»»

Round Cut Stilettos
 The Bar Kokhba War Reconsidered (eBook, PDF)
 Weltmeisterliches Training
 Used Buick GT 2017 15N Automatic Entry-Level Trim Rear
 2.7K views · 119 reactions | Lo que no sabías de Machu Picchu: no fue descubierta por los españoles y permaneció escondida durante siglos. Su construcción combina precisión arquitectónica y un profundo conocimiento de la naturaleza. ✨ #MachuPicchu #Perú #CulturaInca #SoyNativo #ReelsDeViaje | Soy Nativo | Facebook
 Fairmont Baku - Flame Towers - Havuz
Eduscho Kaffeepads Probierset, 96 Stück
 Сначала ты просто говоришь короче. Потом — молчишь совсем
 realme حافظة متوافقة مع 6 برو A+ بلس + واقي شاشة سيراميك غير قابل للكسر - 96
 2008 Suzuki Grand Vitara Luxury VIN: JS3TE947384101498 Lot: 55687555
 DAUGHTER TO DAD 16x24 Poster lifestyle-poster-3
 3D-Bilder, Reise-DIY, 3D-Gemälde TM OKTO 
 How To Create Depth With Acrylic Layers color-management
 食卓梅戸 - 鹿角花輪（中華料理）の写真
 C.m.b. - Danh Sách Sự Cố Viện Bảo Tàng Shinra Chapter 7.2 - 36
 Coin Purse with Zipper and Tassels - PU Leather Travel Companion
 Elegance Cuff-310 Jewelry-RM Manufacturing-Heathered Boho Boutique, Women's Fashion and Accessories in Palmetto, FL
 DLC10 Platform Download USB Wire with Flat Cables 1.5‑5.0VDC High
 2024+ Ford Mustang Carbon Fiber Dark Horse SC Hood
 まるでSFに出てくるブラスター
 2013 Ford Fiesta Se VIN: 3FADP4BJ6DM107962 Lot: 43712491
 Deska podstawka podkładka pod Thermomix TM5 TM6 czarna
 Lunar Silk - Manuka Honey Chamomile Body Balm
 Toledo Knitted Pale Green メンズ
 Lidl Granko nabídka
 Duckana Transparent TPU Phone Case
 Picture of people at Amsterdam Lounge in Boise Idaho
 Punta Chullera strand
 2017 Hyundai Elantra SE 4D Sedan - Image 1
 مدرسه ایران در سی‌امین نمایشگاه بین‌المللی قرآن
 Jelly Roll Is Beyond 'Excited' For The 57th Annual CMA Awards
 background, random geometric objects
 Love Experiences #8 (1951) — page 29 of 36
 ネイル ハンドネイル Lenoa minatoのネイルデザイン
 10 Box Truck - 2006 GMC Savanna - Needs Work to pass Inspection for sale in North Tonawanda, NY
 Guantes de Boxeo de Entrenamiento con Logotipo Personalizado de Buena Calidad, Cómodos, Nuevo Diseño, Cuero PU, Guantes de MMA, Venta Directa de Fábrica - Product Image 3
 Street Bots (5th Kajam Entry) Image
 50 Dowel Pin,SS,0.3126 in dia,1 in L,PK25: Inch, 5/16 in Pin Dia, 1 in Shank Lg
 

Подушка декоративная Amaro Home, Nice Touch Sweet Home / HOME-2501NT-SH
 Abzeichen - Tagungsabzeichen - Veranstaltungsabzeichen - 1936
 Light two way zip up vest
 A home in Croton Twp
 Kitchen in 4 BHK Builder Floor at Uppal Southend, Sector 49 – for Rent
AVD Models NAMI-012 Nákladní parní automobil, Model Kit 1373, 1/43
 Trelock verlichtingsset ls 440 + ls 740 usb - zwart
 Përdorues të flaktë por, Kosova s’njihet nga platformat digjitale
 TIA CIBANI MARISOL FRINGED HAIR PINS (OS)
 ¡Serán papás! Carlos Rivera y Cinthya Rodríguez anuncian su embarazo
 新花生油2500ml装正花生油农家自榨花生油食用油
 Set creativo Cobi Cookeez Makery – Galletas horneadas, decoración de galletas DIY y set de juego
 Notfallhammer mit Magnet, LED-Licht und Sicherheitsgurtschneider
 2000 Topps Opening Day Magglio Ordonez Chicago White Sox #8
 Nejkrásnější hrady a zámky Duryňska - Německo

««

__ACTION ITEM__:
Reproduce exactly the lines above from the line with "realme حافظة متوافقة" to the line with "食卓梅戸 - 鹿角花輪（中華料理）の写真", including both, and add nothing.

__EXERCISE OUTPUT__:
 realme حافظة متوافقة مع 6 برو A+ بلس + واقي شاشة سيراميك غير قابل للكسر - 96
 2008 Suzuki Grand Vitara Luxury VIN: JS3TE947384101498 Lot: 55687555
 DAUGHTER TO DAD 16x24 Poster lifestyle-poster-3
 3D-Bilder, Reise-DIY, 3D-Gemälde TM OKTO 
 How To Create Depth With Acrylic Layers color-management
 食卓梅戸 - 鹿角花輪（中華料理）の写真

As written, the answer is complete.